Open BenVanzino opened 6 days ago
Hi @BenVanzino, thanks for raising the issue. For large vector datasets, the recommended approach would be using vector tiles as they are primarily designed for that. In the long run, it would be definitely nice to explore this possibility but not sure how huge a priority it is to the team right now. Currently, TerriaJS loads all data at once and then converts it to vector tiles on the fly, which should prevent performance issues with rendering. If you are experiencing any problems, please let us know.
Could you share some examples of the solutions you are referring to? If you're interested in exploring this further, we'd be happy to review a pull request.
Hi @zoran995,
Here are some examples:
https://services-ap1.arcgis.com/sRWrfkKjSushj6ql/ArcGIS/rest/services/speed_zones_v2/FeatureServer/0
Happy to explain further if the issue isn't apparent.

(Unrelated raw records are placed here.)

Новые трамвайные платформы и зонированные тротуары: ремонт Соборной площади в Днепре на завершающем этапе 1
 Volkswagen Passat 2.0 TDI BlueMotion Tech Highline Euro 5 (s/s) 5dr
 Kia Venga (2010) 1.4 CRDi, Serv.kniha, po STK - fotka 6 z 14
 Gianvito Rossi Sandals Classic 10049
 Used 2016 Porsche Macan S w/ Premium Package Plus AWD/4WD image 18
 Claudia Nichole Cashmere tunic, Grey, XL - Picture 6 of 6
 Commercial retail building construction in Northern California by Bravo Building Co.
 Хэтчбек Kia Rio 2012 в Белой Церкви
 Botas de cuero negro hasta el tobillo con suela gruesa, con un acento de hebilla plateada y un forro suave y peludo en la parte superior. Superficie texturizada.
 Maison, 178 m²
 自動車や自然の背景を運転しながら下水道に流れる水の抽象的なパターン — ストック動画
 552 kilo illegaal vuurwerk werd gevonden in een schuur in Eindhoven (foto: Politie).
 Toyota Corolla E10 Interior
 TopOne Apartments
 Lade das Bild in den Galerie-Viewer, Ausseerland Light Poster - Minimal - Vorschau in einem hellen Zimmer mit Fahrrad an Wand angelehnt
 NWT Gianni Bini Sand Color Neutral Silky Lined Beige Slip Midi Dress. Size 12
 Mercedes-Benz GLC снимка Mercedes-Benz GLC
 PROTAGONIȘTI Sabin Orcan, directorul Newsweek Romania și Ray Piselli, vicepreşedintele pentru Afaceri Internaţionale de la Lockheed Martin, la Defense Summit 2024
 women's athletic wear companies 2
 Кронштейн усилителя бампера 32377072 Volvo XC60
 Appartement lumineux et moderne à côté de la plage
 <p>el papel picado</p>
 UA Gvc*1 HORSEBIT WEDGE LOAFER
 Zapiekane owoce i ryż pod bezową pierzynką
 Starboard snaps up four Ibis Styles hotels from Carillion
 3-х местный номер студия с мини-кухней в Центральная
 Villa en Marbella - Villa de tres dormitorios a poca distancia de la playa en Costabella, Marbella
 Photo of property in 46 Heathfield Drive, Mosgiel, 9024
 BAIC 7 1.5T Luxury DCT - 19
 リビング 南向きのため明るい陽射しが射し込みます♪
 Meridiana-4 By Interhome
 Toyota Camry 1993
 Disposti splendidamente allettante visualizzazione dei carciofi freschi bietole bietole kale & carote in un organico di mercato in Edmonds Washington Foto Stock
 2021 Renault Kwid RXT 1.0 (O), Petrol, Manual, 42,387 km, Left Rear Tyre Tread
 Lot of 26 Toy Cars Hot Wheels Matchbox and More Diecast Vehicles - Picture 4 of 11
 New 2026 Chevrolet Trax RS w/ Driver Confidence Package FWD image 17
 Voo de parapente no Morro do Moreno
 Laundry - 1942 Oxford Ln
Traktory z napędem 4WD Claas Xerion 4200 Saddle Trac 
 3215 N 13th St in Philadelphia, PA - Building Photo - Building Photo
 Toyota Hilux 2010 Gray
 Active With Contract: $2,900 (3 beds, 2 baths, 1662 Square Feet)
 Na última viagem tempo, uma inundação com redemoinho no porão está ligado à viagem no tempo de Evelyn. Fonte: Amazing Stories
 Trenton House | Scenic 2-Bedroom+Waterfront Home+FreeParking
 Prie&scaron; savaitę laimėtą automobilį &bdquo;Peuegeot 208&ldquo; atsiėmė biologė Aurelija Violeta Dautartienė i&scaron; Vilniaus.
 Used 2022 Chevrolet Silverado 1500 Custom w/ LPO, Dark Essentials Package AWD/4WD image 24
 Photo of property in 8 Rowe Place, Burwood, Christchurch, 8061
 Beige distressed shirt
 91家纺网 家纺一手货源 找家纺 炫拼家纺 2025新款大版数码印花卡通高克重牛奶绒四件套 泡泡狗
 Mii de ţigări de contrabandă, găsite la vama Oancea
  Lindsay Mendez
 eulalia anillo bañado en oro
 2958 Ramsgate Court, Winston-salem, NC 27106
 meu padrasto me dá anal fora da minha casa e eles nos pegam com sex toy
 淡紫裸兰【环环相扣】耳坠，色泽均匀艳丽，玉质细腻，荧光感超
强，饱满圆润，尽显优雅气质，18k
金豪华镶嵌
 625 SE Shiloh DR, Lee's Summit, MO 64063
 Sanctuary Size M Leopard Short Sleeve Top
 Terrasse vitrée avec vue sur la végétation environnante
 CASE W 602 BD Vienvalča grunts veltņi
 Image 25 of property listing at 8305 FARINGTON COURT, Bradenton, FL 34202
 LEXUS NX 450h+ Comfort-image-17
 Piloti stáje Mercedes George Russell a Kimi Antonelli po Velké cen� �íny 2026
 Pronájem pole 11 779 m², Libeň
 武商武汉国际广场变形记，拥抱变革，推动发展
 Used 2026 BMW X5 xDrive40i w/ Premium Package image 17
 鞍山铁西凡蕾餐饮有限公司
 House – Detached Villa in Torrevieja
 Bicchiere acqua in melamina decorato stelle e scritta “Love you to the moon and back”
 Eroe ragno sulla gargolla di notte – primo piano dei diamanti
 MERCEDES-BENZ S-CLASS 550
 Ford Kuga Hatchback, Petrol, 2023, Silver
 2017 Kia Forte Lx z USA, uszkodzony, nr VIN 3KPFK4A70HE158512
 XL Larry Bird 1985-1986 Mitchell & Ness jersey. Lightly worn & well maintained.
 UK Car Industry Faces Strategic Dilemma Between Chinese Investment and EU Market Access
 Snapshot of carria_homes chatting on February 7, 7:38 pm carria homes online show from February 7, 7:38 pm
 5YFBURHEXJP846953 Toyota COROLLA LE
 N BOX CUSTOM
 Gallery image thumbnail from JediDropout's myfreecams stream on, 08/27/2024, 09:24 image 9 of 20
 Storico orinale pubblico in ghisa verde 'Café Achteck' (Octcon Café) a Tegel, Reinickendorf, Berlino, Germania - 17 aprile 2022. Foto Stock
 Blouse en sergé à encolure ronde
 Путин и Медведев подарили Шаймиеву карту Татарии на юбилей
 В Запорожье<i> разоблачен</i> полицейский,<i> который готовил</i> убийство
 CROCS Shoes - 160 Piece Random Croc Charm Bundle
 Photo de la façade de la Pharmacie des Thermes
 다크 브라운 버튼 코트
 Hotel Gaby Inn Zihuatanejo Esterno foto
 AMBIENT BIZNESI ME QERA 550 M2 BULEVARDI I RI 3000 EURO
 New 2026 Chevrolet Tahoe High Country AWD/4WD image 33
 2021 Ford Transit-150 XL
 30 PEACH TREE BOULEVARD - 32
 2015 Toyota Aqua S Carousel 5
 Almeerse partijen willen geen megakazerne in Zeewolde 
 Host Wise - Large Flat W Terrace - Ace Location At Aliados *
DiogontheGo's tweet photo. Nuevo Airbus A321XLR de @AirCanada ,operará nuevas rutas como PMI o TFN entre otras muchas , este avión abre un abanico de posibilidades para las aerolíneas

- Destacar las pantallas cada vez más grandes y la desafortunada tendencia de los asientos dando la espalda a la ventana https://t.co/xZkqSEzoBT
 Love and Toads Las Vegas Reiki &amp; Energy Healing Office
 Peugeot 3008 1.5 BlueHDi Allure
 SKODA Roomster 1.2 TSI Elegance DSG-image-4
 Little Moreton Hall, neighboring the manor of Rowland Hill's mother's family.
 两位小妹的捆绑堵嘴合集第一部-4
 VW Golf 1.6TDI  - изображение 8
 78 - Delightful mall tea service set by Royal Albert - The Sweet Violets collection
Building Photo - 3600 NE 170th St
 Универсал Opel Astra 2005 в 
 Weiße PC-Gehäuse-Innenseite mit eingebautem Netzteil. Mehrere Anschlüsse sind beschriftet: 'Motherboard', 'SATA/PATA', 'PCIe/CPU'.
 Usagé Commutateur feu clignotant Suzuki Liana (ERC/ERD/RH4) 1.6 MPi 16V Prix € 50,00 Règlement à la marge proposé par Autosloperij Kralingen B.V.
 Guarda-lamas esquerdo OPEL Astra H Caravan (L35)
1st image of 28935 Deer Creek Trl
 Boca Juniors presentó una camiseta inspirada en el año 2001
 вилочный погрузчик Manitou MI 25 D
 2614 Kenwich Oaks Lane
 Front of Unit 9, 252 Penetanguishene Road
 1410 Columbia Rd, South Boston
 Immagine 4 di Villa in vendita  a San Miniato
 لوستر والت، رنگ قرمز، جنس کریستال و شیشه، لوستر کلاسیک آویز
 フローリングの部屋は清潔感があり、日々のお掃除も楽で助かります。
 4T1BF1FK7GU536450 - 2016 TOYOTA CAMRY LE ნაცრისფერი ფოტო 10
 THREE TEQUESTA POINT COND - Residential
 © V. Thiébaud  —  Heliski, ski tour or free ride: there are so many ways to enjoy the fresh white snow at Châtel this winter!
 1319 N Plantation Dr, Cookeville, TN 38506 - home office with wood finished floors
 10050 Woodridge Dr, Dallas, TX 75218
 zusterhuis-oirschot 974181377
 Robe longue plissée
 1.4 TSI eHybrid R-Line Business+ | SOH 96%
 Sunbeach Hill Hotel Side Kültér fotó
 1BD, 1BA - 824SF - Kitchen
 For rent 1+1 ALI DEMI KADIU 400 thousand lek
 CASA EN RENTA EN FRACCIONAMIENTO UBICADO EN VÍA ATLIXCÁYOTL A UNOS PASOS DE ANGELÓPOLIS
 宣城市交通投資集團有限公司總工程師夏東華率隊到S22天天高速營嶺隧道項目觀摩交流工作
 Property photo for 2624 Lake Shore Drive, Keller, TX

hi @BenVanzino @zoran995 this is the ticket that we'll actively take on as a priority to address the Esri Feature Services (part of the problem). Add support for Esri Vector Tile Services #6909
The current Esri Feature and WFS datasource implementations are not using BBOX extent limits in their API interactions. This is resulting in an unfiltered extent for the web service being requested for every interaction. This is not best practice for working with these kinds of spatial web services and leads to overload and timeout, failure to draw or general poor performance for the user.
Could these datasource interactions with terria use the map state bounding box to filter the interactions with the generated service requests as a fundamental improvement to how they work?
This is how best practice implementations are designed in spatial web applications and allows large feature count API interactions to be robust and performant. These requests are also tiled (3x3 or 4x4) extending slightly beyond current screen extent in many "good" implementations that i've seen.
This issue is repeatedly coming up with client use cases and interactions for our product and jeopardises our decision and use of TerriaJS as the foundation.